Just a few years ago, clean public toilets with modern facilities were a pipe dream in Dhaka. The few toilets located across the capital were dingy stalls with no facility to wash hands, let alone special arrangements for women and persons with disability.
However, ensuring clean and accessible sanitation is a core part of Sustainable Development Goal-6. Today is World Toilet Day, initiated to inspire action to tackle the global sanitation crisis and reach SDG-6 by 2030.
The sanitation situation in Dhaka has improved since 2014, after city authorities set up the first “Good Public Toilet” or GPT (with sink, mirror, waste bin, etc) at Gabtoli Bus Terminal with assistance from the Bangladesh chapter of WaterAid.
Since then, the two city corporations have built 53 GPTs -- 28 in south and 25 in north Dhaka. But the initiative brought little respite to this city of two crore.
Anannya Rahman, a social worker, said, “Hygienic environment inside a toilet is a necessity -- particularly for women and children. The city corporation has built women-friendly toilets but they are very few in number. Women often have to go long hours without using toilet when outside.”
Theatre artist Rimu Siddique said she hardly drinks water when she is not home, as she fears that she may not find a clean, accessible toilet.
“Drinking less water can cause kidney complications. Holding urine for a long time is one of the key causes of urinary tract infection and women are more prone to it,” said Dr Tuhin Binte Halim of Railway General Hospital.
According to a recent survey by Bhumijo, a social enterprise working on urban sanitation, 80 percent of women in Dhaka avoid drinking water before leaving home.
Abolishing the practice of open defecation is a key focus of SDG-6, where a provision stresses “paying special attention to the needs of women and girls and those in vulnerable situations.”
Given the current situation, it seems that the country is not on track towards reaching this particular SDG, opines Ziaur Rahman, a senior project officer at Work for a Better Bangladesh Trust.
“For a population of two crore, 53 public toilets are not enough.

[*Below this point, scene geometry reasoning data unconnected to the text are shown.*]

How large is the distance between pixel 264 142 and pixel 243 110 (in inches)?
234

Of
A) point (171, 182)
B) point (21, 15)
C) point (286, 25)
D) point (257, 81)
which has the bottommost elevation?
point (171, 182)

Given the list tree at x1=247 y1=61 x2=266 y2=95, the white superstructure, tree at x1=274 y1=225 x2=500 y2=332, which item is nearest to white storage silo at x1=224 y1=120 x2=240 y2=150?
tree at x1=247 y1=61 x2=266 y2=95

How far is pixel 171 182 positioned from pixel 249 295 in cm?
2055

Slum dwellers are using unhygienic toilets and children are still often defecating in open spaces, thus contaminating water and soil,” he told The Daily Star.

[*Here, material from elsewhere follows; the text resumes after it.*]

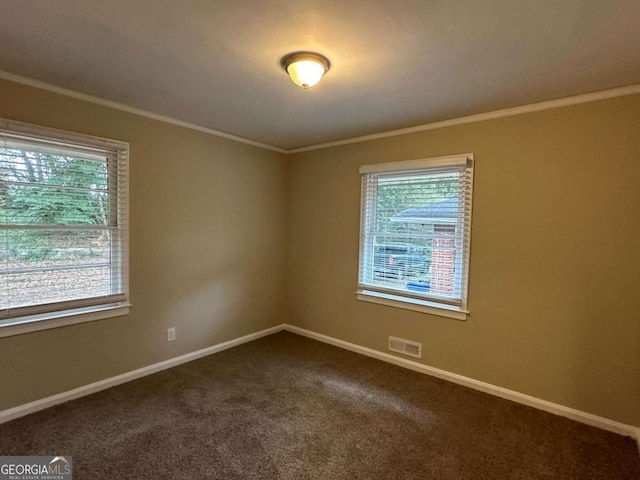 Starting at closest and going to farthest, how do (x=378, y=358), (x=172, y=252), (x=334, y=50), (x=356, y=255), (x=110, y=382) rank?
(x=334, y=50) < (x=110, y=382) < (x=172, y=252) < (x=378, y=358) < (x=356, y=255)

Women need to use the toilet at least four times a day, he said citing a research by his organisation.
“One has to pay Tk 5-10 for using public toilets. For an insolvent woman, it is difficult to pay every time she uses the toilet. Moreover, women cannot use overcrowded toilets frequented by men.”
Raju Basak, project manager at WaterAid, said, “City corporations have built toilets suitable for women and persons with disability. But there should be more.”
Dr Tariq Bin Yousuf, chief urban planner at Dhaka North City Corporation, said, “We have the plan and budget to build more public toilets but there is scarcity of land. We are trying our best to resolve this issue.”